[Editor's note: A version of this story appears in the October 2019 edition of Oil and Gas Investor. Subscribe to the magazine here.]
This should be a time of triumph in the oil patch. Even as economists and global majors were fretting over “peak oil” several years ago, independents were perfecting technology and techniques for unconventional development. That has come to full flower, proving that, as James Baldwin famously quipped, “Those who say it can’t be done are usually interrupted by others doing it.”
But with fears of peak oil supply vanquished, concerns about peak oil demand have emerged. Creeping over the assurance of Baldwin’s expression is the shadow of a grimmer outlook voiced by Wolfgang von Goethe: “Everything in the world may be endured except continued prosperity.”
At the same time, a different supply problem has come to vex producers, especially independents—the supply of capital. In an unexpected development, the supply of crude appears less connected to the supply of capital. Independents have overcome one round of bankruptcies already and may be in the early stages of another. The midstream sector has struggled to keep up. And yet the oil just keeps coming.
The consensus among analysts is that U.S. unconventional supplies will set the pace for the global market, if not strictly the incremental cost of production, for at least another decade. Other regions have had to or will have to adapt. The risk of supply exceeding demand is not great in the near term, but there is virtually no risk of the reverse.
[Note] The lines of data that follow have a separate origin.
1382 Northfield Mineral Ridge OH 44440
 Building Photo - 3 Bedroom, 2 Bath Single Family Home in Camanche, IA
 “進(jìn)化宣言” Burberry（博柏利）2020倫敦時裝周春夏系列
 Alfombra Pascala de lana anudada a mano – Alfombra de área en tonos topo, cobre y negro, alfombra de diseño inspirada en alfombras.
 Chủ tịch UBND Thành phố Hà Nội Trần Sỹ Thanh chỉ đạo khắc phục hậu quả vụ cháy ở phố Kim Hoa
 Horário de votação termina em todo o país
OPEC concurs. In its outlook to 2040, published late last year, the cartel noted, “the concerns around global warming have accelerated the development of energy paths toward lower emissions. The ongoing, and at least already partially successful, introduction of electric vehicles as a complement to the internal combustion engine (ICE) is an important development for the energy market, although in many aspects ICEs still have substantial potential for further developments.
"Tight oil plays are also an area of intense technology developments. Impressive advances have also been achieved in wind and solar for power generation. The ongoing revolution in information technologies will impact both supply and demand, toward higher efficiency, lower emissions and lower costs.”
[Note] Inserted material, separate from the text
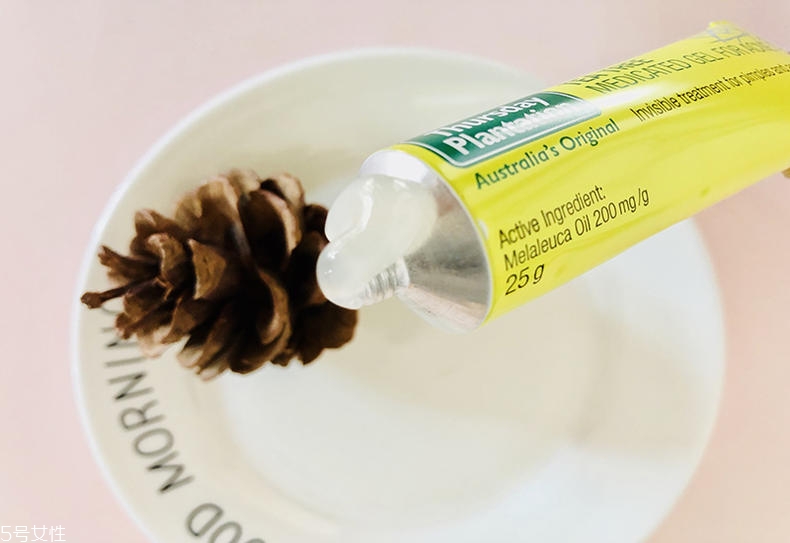 星期四農(nóng)莊祛痘凝膠能全臉用嗎 星期四農(nóng)莊能用在眼周嗎 星期四農(nóng)莊祛痘凝膠能全臉用嗎 星期四農(nóng)莊能用在眼周嗎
With those givens, OPEC’s reference case sees energy demand increasing from 274 million barrels of oil equivalent a day (MMboe/d) in 2015 to around 365 MMboe/d in 2040, with an average annual growth of 1.2%. Almost 95% of the increase is accounted for by developing countries, including China and India, with an average annual growth of 1.9%.
OPEC’s outlook suggests that oil will “remain the largest contributor to the energy mix throughout the forecast period, with a share of nearly 28% in 2040, higher than gas and coal. Despite relatively low demand growth rates, especially for coal and oil, fossil fuels are projected to remain the dominant component in the global energy mix, with a share of 75% in 2040, albeit a drop of 6 percentage points from 2015.”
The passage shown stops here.